You're working hard at the gym every week, lifting weights and building muscle strength and endurance. In fact, you're absolutely thrilled with your appearance and the various health benefits your commitment to fitness is providing.
But what will all this muscle do for you when you get older? It may help you grow old gracefully, according to a study in Medicine & Science in Sports & Exercise
that investigated the influence of muscle strength and endurance on later functional limitations.
Nearly 4,000 men and women (aged 30 to 82) received a strength evaluation between 1980 and 1989, then completed a mail-in survey in 1990. Strength parameters included one-repetition lifts using bench press and leg press machines, and a sit-up test (maximum repetitions in one minute).
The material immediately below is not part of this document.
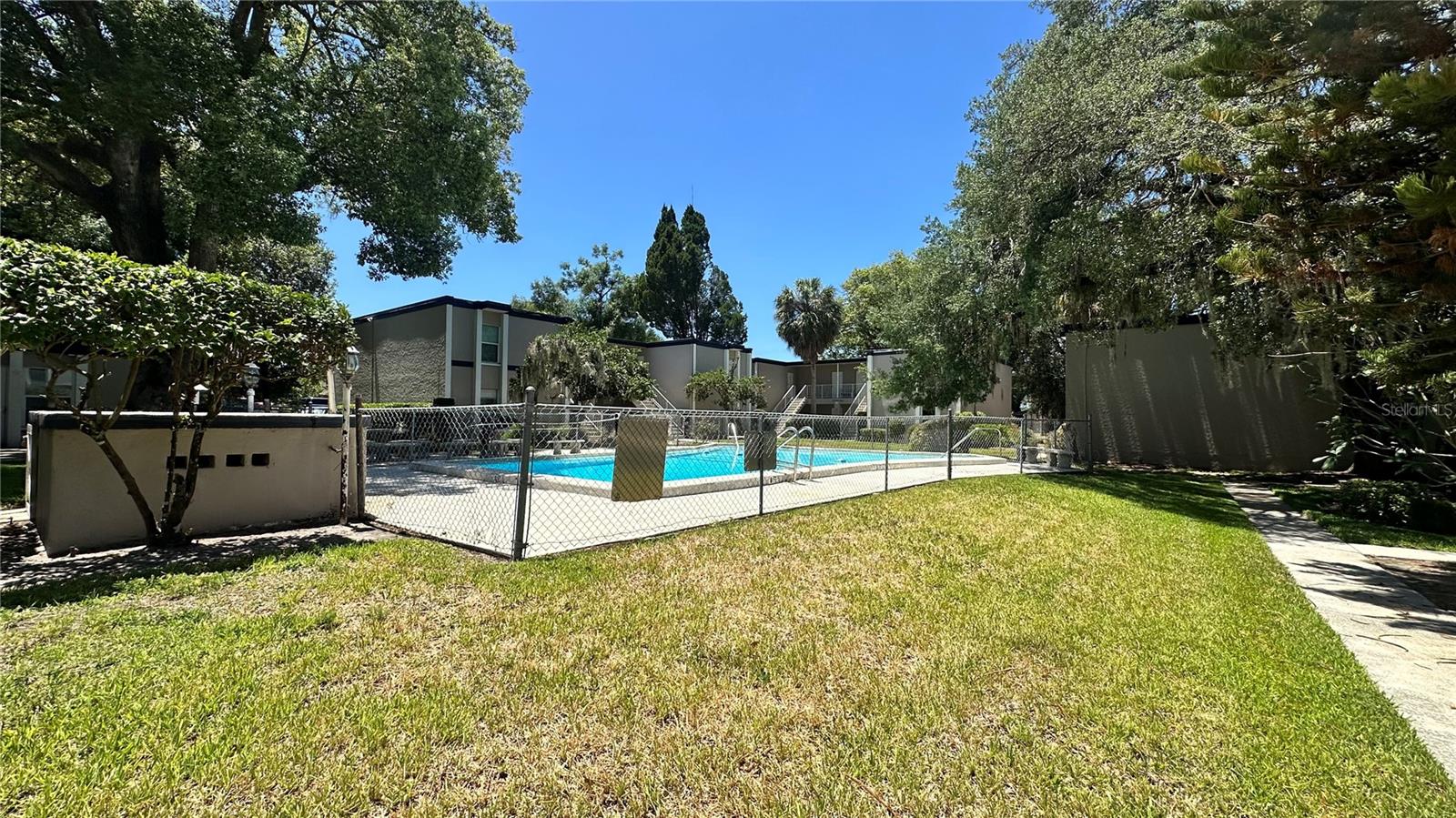 OAKWOOD COURT CONDO - Residential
Functional limitations addressed in the followup survey included the ability to perform specific physical activities and the incidence of "new health problems" - heart attack, diabetes, high blood pressure, cancer or arthritis.
Results: At five-year followup, seven percent of men and 12 percent of women reported at least one functional limitation. Subjects with greater measured strength and endurance at baseline had a lower incidence of functional limitations compared with subjects with lower strength/endurance at baseline.
These findings emphasize the value of strength maintenance throughout life. The authors recommend that adults increase aerobic physical activity and activities that increase muscular strength.
Brill PA, Maceral CA, Davis DR, et al. Muscular strength and physical function. Medicine & Science in Sports & Exercise 2000: Vol. 32, No. 2, pp412-16.